** Study material follows **
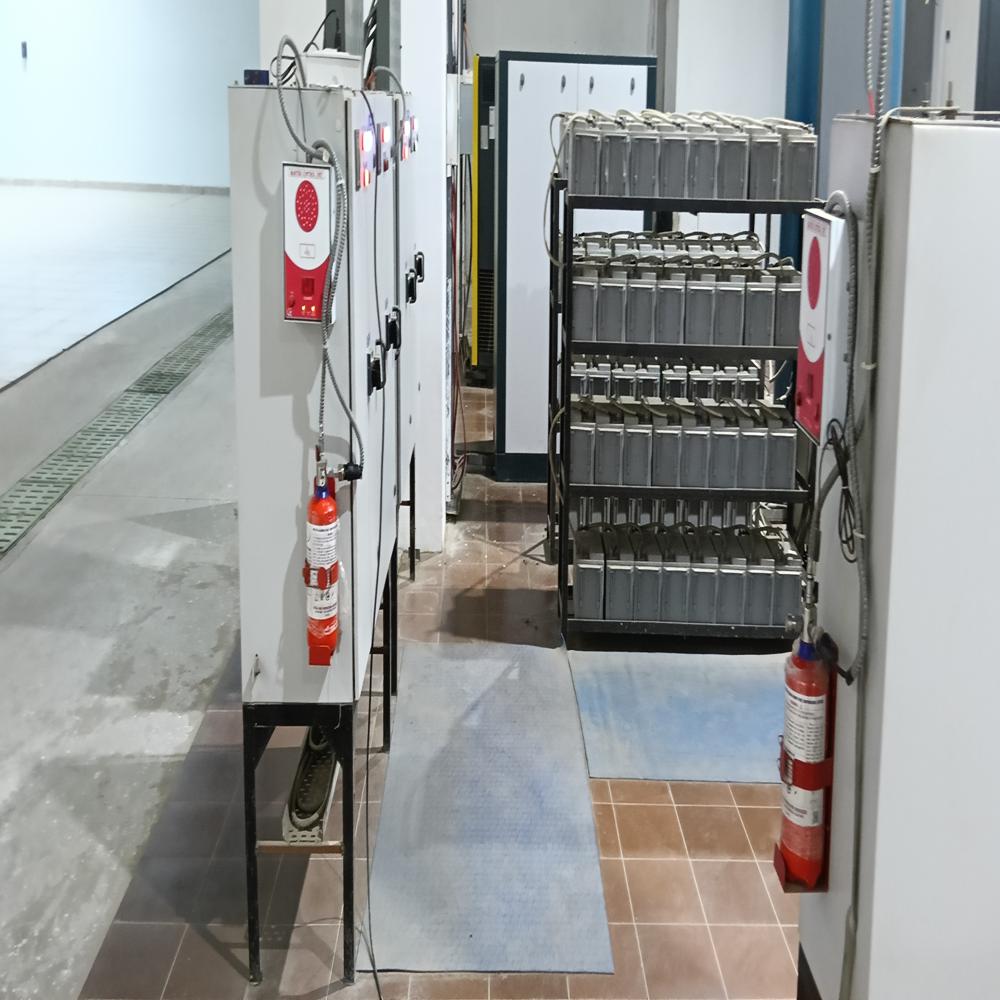 Fire Suppression System Manufacturer - Seamless Mild Steel Cylinders, 42-89mm Diameter | Clean Agent, Quick Activation, Non-corrosive, Eco-friendly, A++ Energy Rating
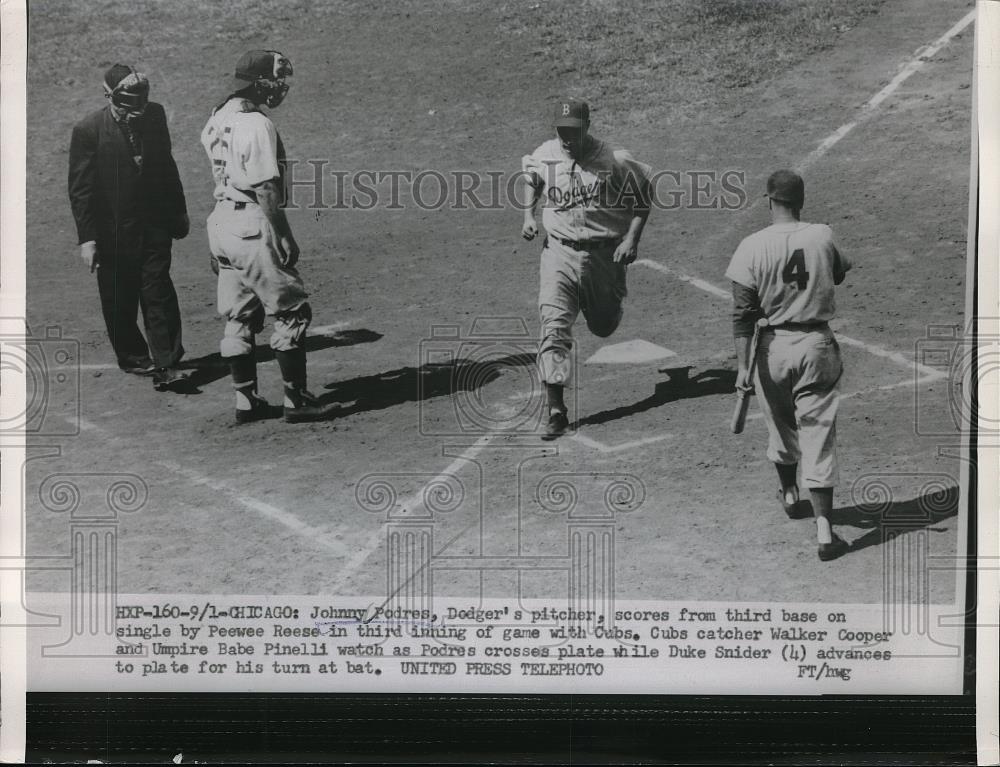 1954 Press Photo Dodger&#39;s pitcher Johnny Podres, Peewee Reese, Cubs&#39; catcher - Historic Images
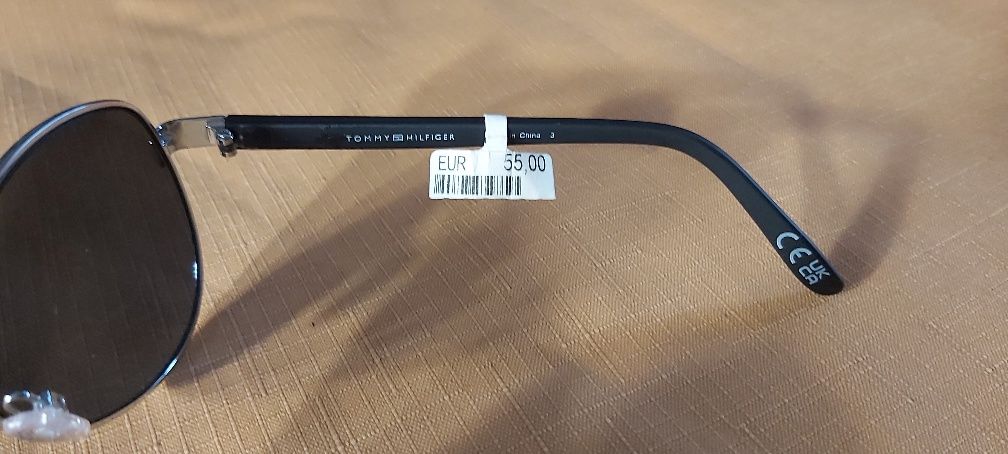 Tommy Hilfiger OM 610 kultowe okulary przeciwsłoneczne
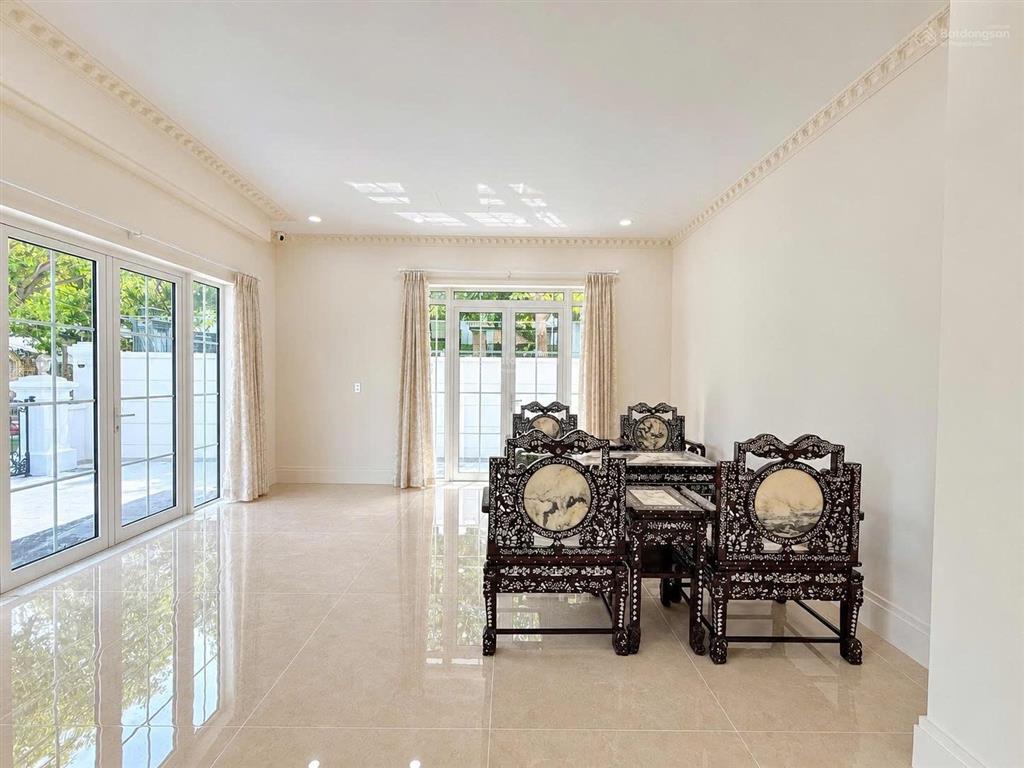 Cho thuê biệt thự biệt lập 6 phòng ngủ mới siêu đẹp khu vcn phước hải giá 80 triệu/tháng
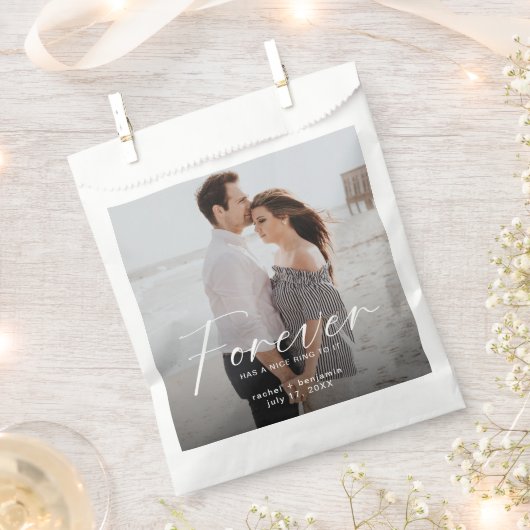 Forever heeft een mooie ring Foto Verloving Modern Bedankzakje (Geknipt)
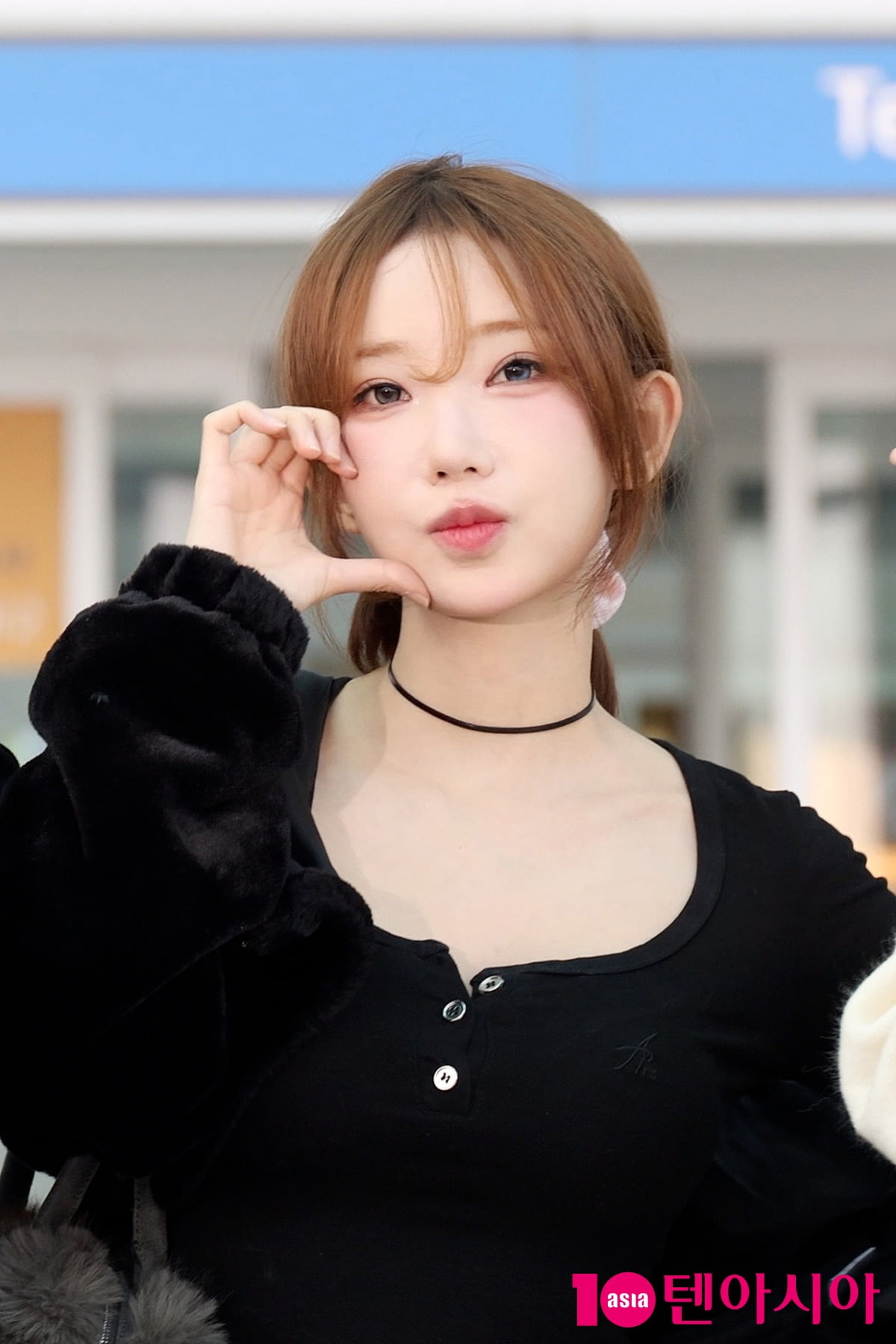 QWER's Magenta Departs for New York to Kick Off 2025 World Tour 'ROCKATION'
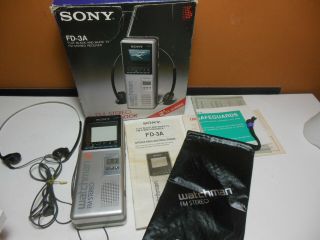 Vintage Sony Watchman Fd - 3a B/w Tv Fm Radio W/ Bag Box Instructions Headphones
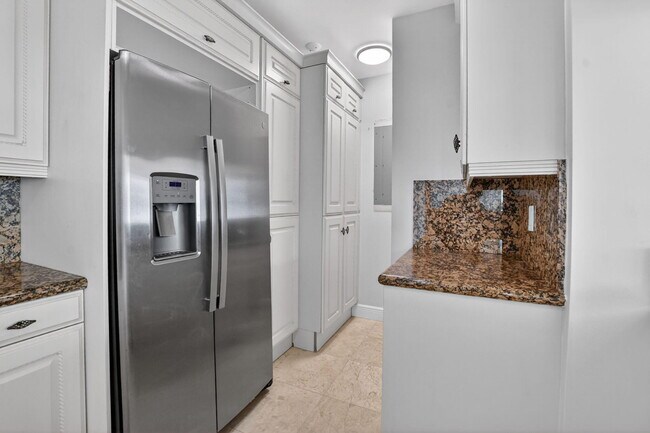 Building Photo - 616 SE 20th Ave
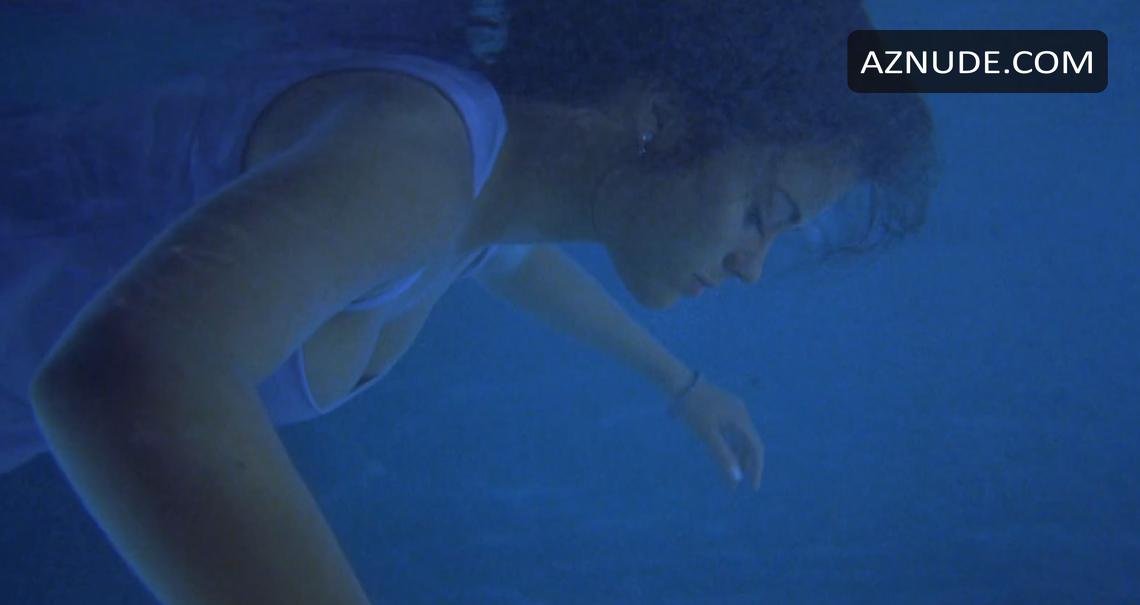 Susan Ward in The In Crowd, photo 9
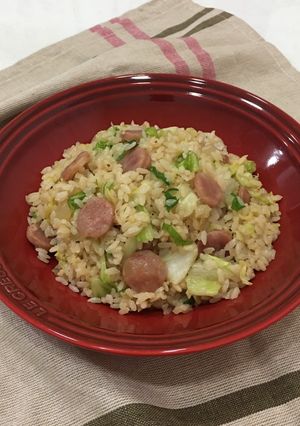 香腸高麗菜飯 的食譜成品照片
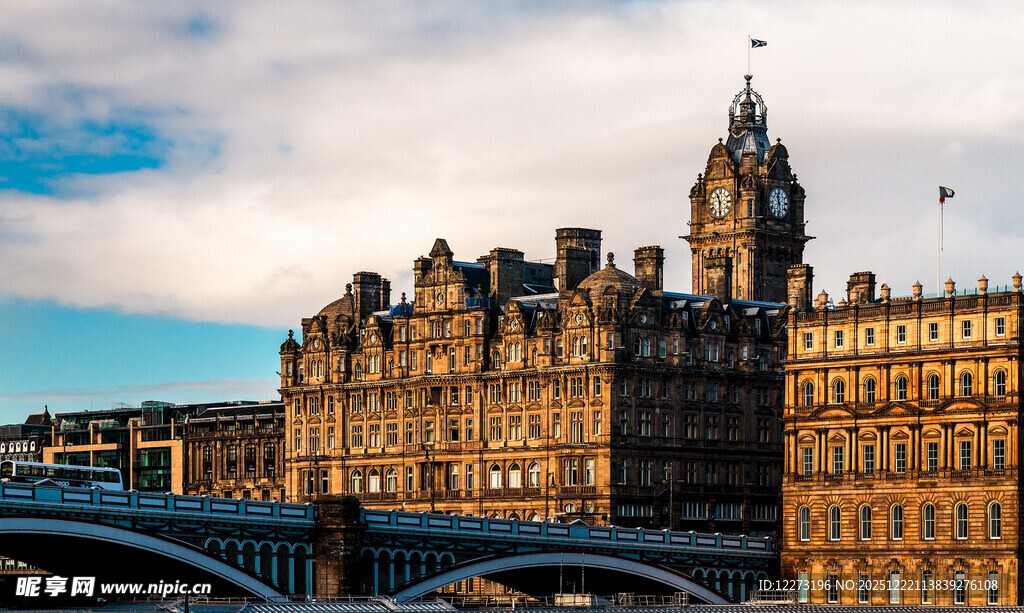 爱丁堡古老建筑与桥梁景观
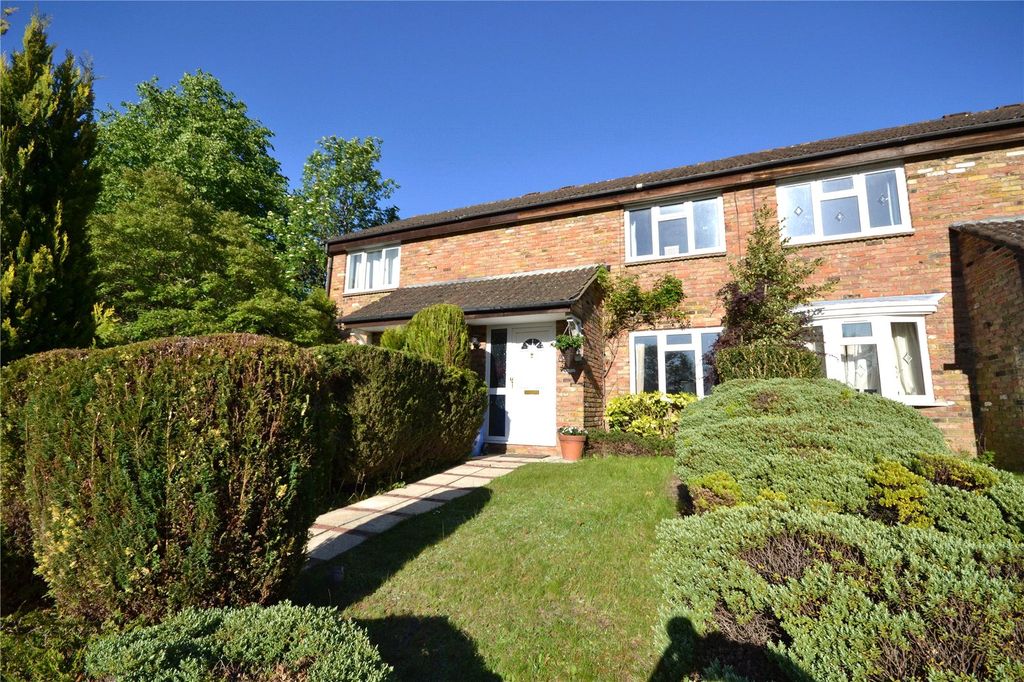 Property photo 1 of 8 Front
** End of Study material **
Your task. Word for word, restate the records shown above, minus the pictures.

Answer space.
 Fire Suppression System Manufacturer - Seamless Mild Steel Cylinders, 42-89mm Diameter | Clean Agent, Quick Activation, Non-corrosive, Eco-friendly, A++ Energy Rating
 1954 Press Photo Dodger&#39;s pitcher Johnny Podres, Peewee Reese, Cubs&#39; catcher - Historic Images
 Tommy Hilfiger OM 610 kultowe okulary przeciwsłoneczne
 Cho thuê biệt thự biệt lập 6 phòng ngủ mới siêu đẹp khu vcn phước hải giá 80 triệu/tháng
 Forever heeft een mooie ring Foto Verloving Modern Bedankzakje (Geknipt)
 QWER's Magenta Departs for New York to Kick Off 2025 World Tour 'ROCKATION'
 Vintage Sony Watchman Fd - 3a B/w Tv Fm Radio W/ Bag Box Instructions Headphones
 Building Photo - 616 SE 20th Ave
 Susan Ward in The In Crowd, photo 9
 香腸高麗菜飯 的食譜成品照片
 爱丁堡古老建筑与桥梁景观
 Property photo 1 of 8 Front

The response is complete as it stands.